Single by The Commodores

from the album Commodores Live!
- B-side: "Funky Situation"
- Released: November 17, 1977
- Genre: Funk
- Length: 3:30
- Label: Motown
- Songwriters: Lionel Richie, Milan Williams, Ronald LaPread, Thomas McClary, Walter "Clyde" Orange, William King
- Producer: James Carmichael

The Commodores singles chronology
| "Brick House" (1977) | "Too Hot ta Trot" (1977) | "Three Times a Lady" (1978) |

= Too Hot ta Trot =

"Too Hot ta Trot" is a song by R&B/funk band, the Commodores. The song is written in E major.

The track on their 1977 live album Commodores Live!, and it spent a week at number one on the R&B singles chart and peaked at number twenty-four on the Billboard Hot 100 in early 1978.
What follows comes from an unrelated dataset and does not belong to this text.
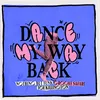 Dance My Way Back (Extended Mix)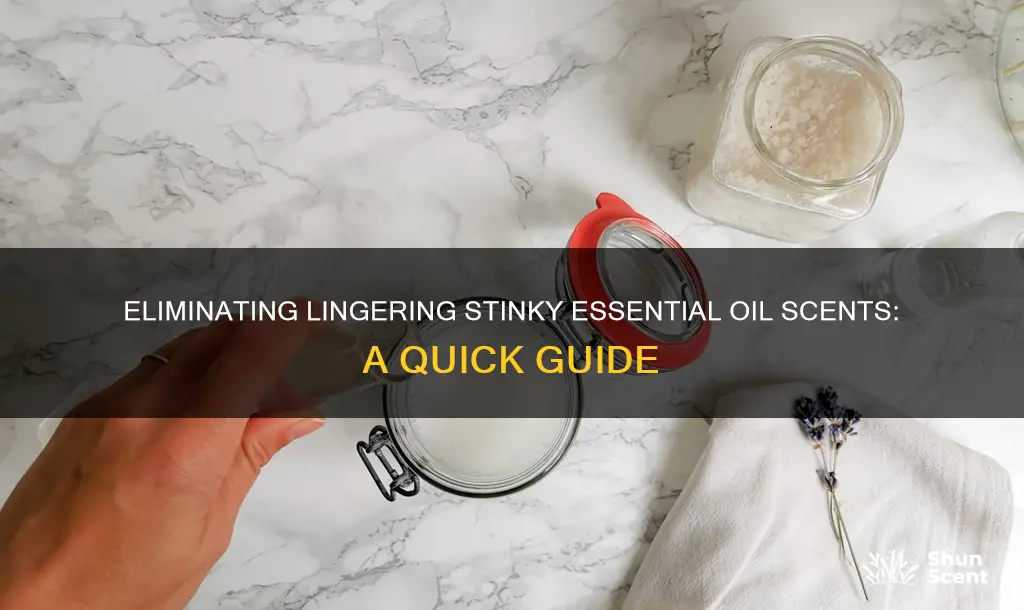 how to get rid of stinky essential oil aroma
Record World called it a "thumping funk exercise from a live lp."

==Personnel==
- William "WAK" King – trumpet, rhythm guitar, synthesizer, vocals
- Walter Orange – vocals, drums, keyboards
- Milan Williams – keyboards, trombone, rhythm guitar
- Thomas McClary – lead guitar
- Lionel Richie – vocals, saxophone, piano, drums
- Ronald LaPread – bass guitar, trumpet

==Chart performance==

| Chart (1977–1978) | Peak position |
|---|---|
| UK Singles (The Official Charts Company) | 38 |
| US Billboard Hot 100 | 24 |
| US Hot Soul Singles (Billboard) | 1 |

==Use in film==
- The song was featured on the soundtrack for (and performed in) the movie, Thank God It's Friday.